We’re nearing the end of a huge year for education in New Zealand. TOP would like to express thanks for all the amazing efforts by individual teachers and schools on behalf of our tamariki. As we close 2019 and look towards 2020 and the election, we can reflect on changes that have been made – and those that haven’t, despite teachers’ protestations

We have to acknowledge that overall our education system is still looking grim.  

What are the problems? 

The 2018 PISA report found increasing rates of bullying, a declining sense of belonging in schools, high rates of competition between schools, and increasing levels of noise and disorder in classrooms, as well as a pervasive fear of failure and an ever-widening socio-economic gap affecting educational achievement. Yet New Zealand students across all backgrounds and demographic groups reported feeling supported in their academic and emotional wellbeing by parents and teachers, which means it is the system to blame for these poor results, rather than the profession or the community.    

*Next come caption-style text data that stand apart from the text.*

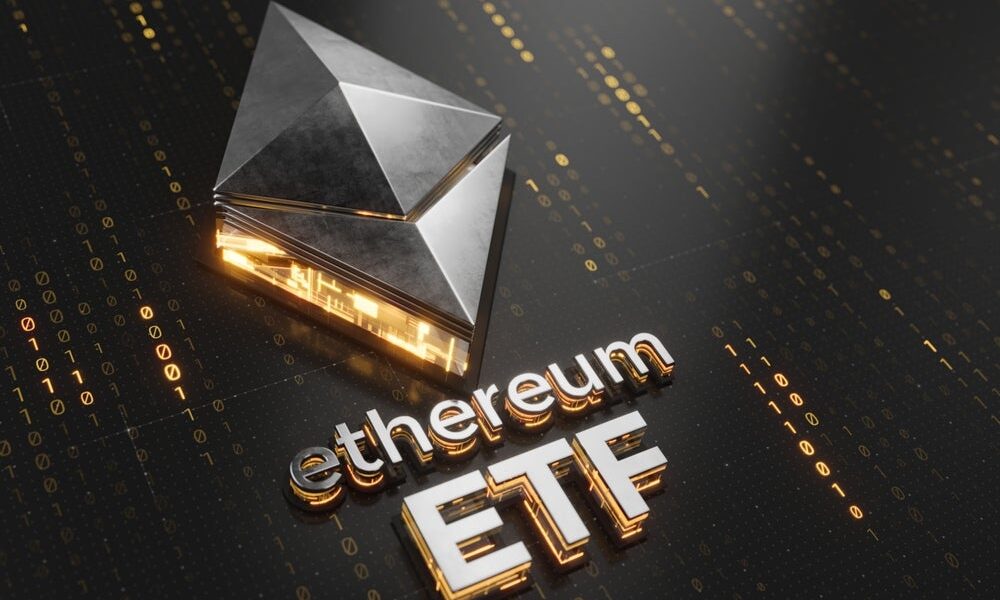 Ethereum ETF Approval Will Spur 'A Basket of Crypto Tokens Within a Year,' Says TD Cowen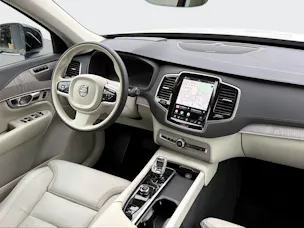 VOLVO XC90 2.0 T8 TE Plus Dark 7P. eAWD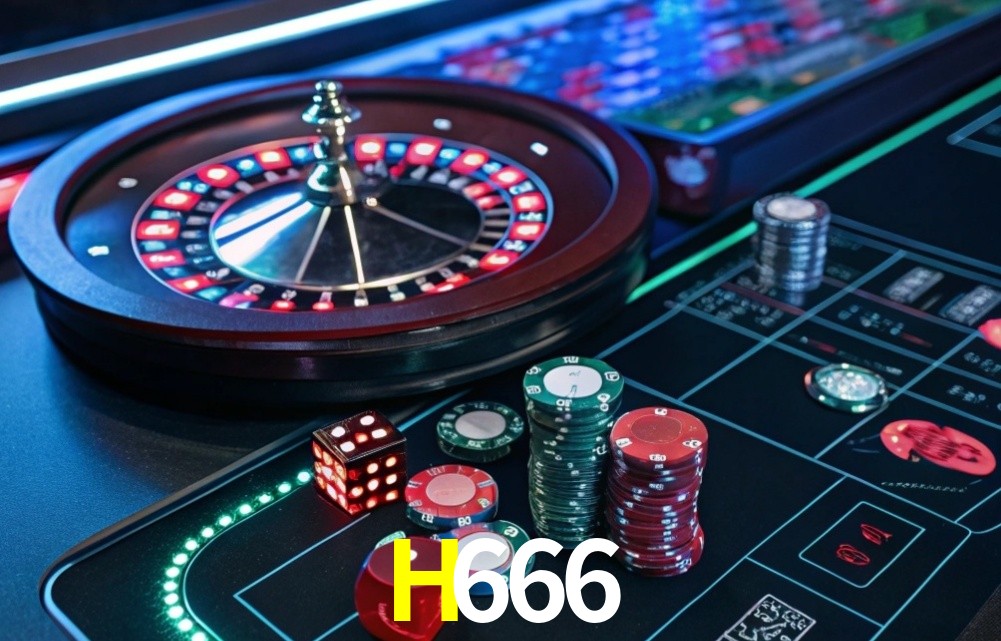H666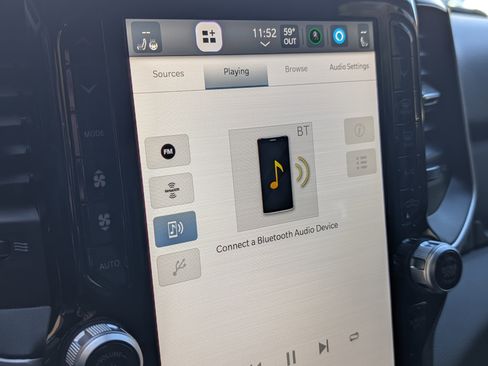 Used 2023 RAM 1500 Big Horn image 28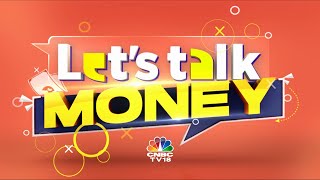 Lets Talk Money  Answering All Your Personal Finance Questions  Long Term Investing  CNBC TV18 [upl. by Tronna]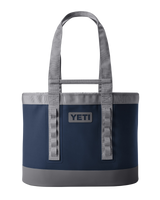 Camino 50 Carryall Tote Bag in Navy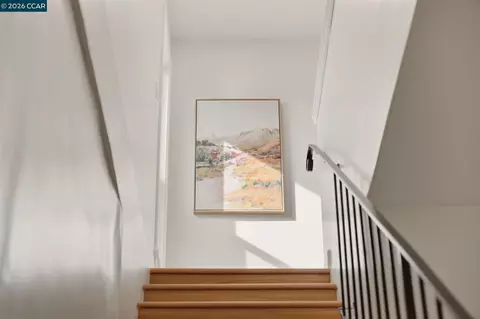Entry Way - 3214 California St, Berkeley, CA 94703 photo 1 of 2
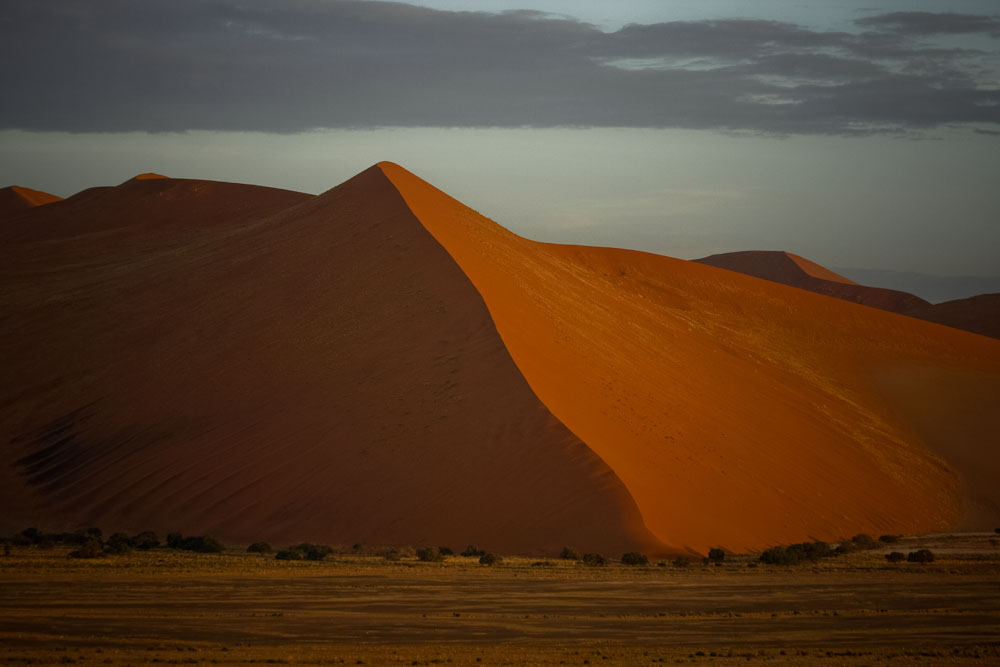 , Pustynia Namib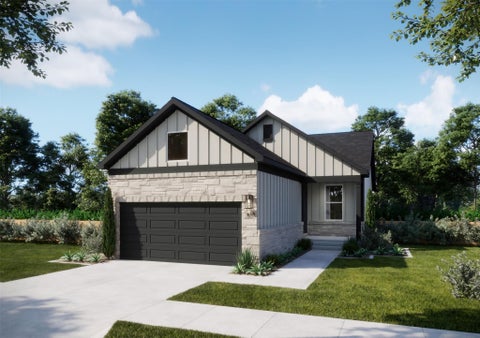 Tiny photo for 208 Amity Bower Drive, Elgin, TX 78621 (MLS # 5495311)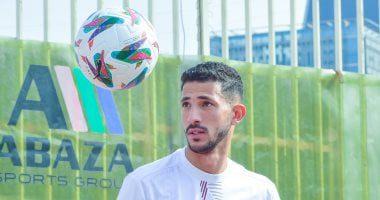 فتوح على رأس غيابات الزمالك أمام سيراميكا بالدورى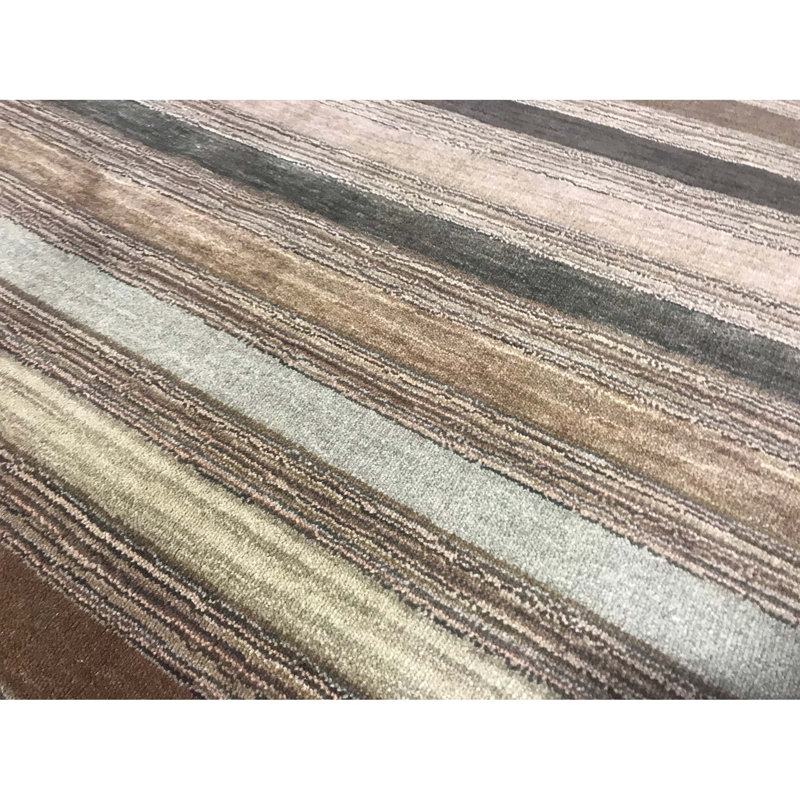 One-of-a-Kind 5' X 7' Area Rug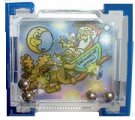 2000 Das verflixte Kugelspiel - Weihnachtsmann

Furthermore, our educational facilities are inadequate for teaching, with libraries being removed to accommodate students, and classes being taught in foyers and staffrooms.

And despite the teacher payout this year, working conditions for teachers remain largely the same, with:

Moreover, the negative effects of standardised testing of children are well understood by educators, yet primary schools are still required to report mainly on numeracy and literacy. This means other subjects are marginalised

Worst of all is our devastating youth suicide rate. This is due to many factors, including social anxieties, virtual relationships, fears about the future, and over-assessment.

In early childhood education (ECE), an estimated 20–30% of centres detrimentally affect our youngest children, with heightened stress, inconsistent relationships, noise, overcrowding and poor-quality outdoor areas. Some largely blame the corporatisation of the sector for these and other impacts on ECE. Most concerningly, children from vulnerable communities are being left behind, arriving at school developmentally two years behind their peers and unlikely to ever catch up. 

While there are some very caring teachers doing wonderful things for our children, they’re generally achieving them in spite of the current regulatory system, not because of it. This simply isn’t good enough, and something fundamental needs to change. 

What’s being done 

The current Government recently announced a funding packing of at least $50,000 and up to $400,000 per school to spend on infrastructure. This looks good on paper and may buy the votes of some parents who want decent classrooms for their children. But the education sector knows this investment won’t be maximised if schools are required to create noisy, one-size-fits-all classrooms, when teachers aren’t trained to facilitate learning in open environments

The last Government’s cost-saving approach of lumping kids into open learning environments, with teachers facilitating small groups in a more directive style, simply isn’t working. Either we need to be more flexible in the way structural funding is spent, or we need to invest heavily in our teachers’ professional development for this new way of teaching and learning. And we certainly need to align achievement reporting with our philosophy of how and what our children should be learning.

What’s not being done

The Tomorrow’s Schools Report (released earlier in 2019) noted that our education system is  failing the poorest 20% of kids. The taskforce recommended crucial changes to school zoning to improve equality between our schools, e.g. capping the number of out-of-zone learners schools can take, depending on the long-term impacts on other schools in the area. 

However, the Government watered down this recommendation to the regional Ministry of Education offices, which will now be ‘working closely with relevant schools to ensure their views and those of their communities are taken into account as part of the [zoning] process’. So that was the government passing the buck again, really. 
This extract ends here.